• STORED DATA:
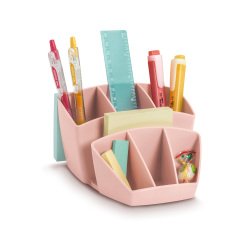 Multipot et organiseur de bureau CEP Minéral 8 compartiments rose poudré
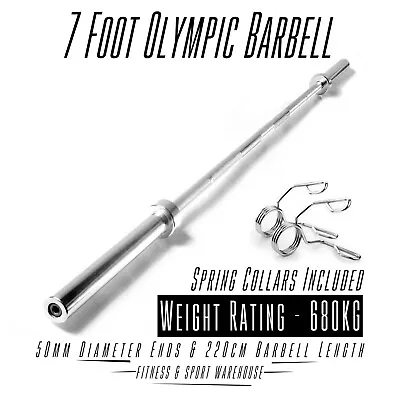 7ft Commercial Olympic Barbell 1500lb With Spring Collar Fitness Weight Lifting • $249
==
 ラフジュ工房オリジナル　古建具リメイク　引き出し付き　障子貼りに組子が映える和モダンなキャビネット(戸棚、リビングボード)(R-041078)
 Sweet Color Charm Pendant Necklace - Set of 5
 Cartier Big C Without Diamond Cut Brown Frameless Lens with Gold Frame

• PROBLEM DETAILS: Using the records above, return verbatim only the part that opens with the line containing "Multipot et organiseur" and closes with the line containing "7ft Commercial Olympic"; pictures stay out.

• WRITTEN SOLUTION:
 Multipot et organiseur de bureau CEP Minéral 8 compartiments rose poudré
 7ft Commercial Olympic Barbell 1500lb With Spring Collar Fitness Weight Lifting • $249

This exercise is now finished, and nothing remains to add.